Vista de los jardines de Barutaima, ca. 1970: Alfredo Boulton © Alberto Vollmer Foundation Inc

Caracas, Humboldt, Barutaima: utopía del paisaje y teoría del lugar (I)

Fecha de publicación: agosto 31, 2020

Este ensayo, escrito en 1997, fue originalmente el texto de una conferencia dictada ese mismo año en la Escuela de Altos Estudios en Ciencias Sociales de París (Francia) en Coloquio de homenaje al legado intelectual de Louis Marin, bajo cuya dirección el autor realizó sus estudios doctorales entre 1986 y 1992. Fue publicado originalmente en francés, en: A force de signes. Travailler avec Louis Marin (Ed. Alain Cantillon, Pierre-Antoine Fabre y Bertrand Rougé, Paris: Editions EHESS, 2018).

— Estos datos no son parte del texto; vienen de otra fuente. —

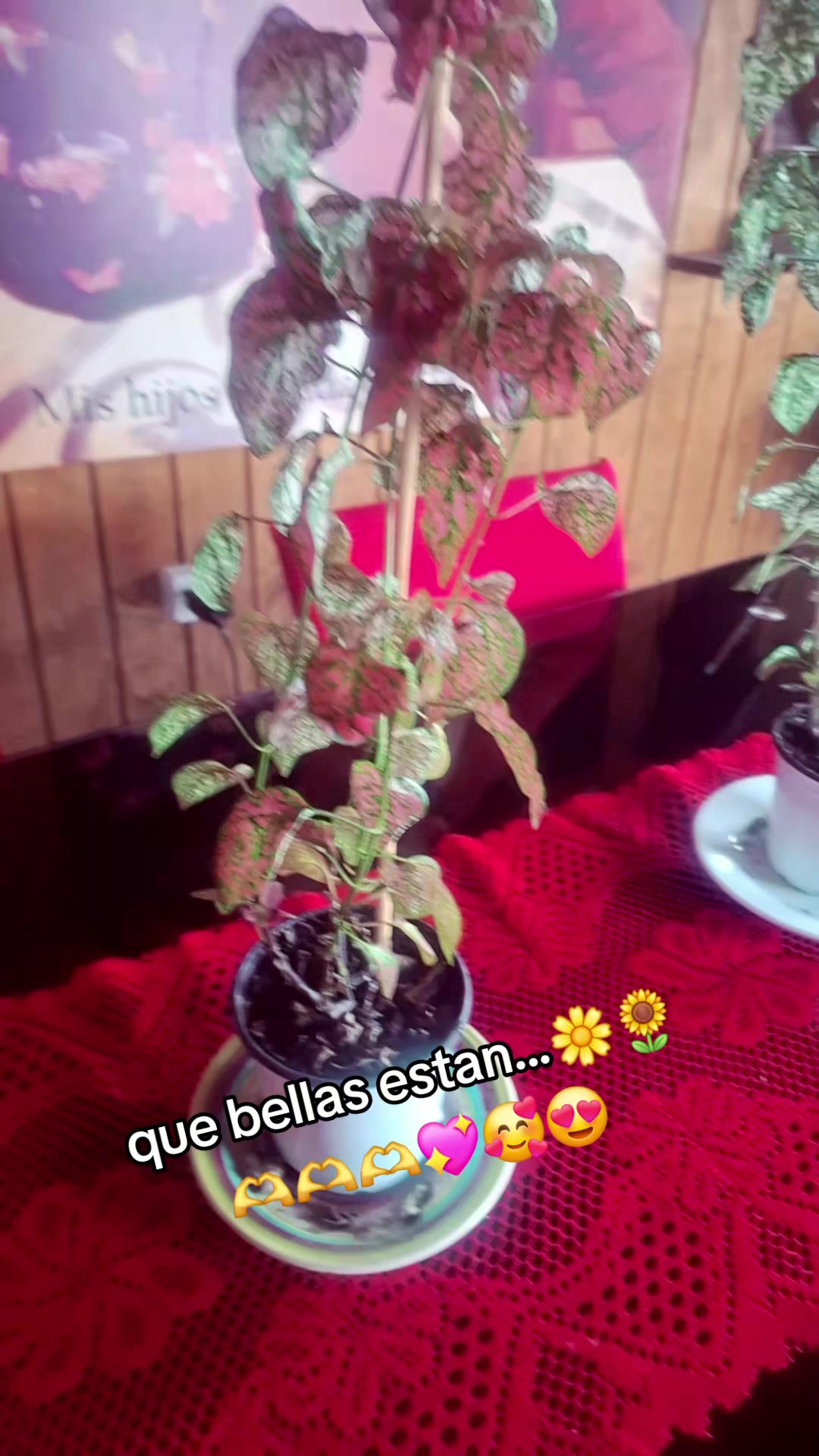 @marisolcita❤️😍🥰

Desde el Archivo Fotografía Urbana compartimos la primera de tres entregas de este ensayo.

a Louis Marin, in memoriam

I. La vista desde la cima y la totalidad del paisaje

«La totalidad de lo visible produce lo fuera-de-lugar», escribe Pierre Fedida (1) al seguir el rastro de un sitio sólo pensable, platónico, en el que vendrían a alojarse todas las figuras de lugar y que, en consecuencia, carecería él mismo de lugar, como un espejo de agua neutro cuyo reflejo fuera la figura irreconocible del mundo y del paisaje que en él se refleje.

«…Claro espejo sin una arruga para confundir los reflejos…espejo puro incambiado y en reposo…gran ojo del espectador, del sabio… figura de una mirada devuelta, expedida a su ojo, luego de todos los recorridos y de todas las lecturas de lugares…mirada ahora serena porque apropiada a sí misma…”, como escribía Louis Marin de aquel lago indiferente, de aquella ausente laguna que hendía con su calma el drama de Píramo y Tisbe en un célebre cuadro de Poussin (2).

El ojo del sabio sería en mi mirada excéntrica de aquella lectura de Marin y de aquel cuadro de Poussin el ojo teórico de un historiador del arte, fotógrafo y arquitecto de sus propios jardines desde los cuales, durante medio siglo, dominó con su mirada aguda y a veces autoritaria, platónica y romántica, el arte y el paisaje, y sobre todo el arte del paisaje de la Venezuela de este siglo: Don Alfredo Boulton (3). Desde su casa, construida por él en los confines de la ciudad, se posee la vista capital del valle de Caracas y de la alta cima del Ávila que lo domina.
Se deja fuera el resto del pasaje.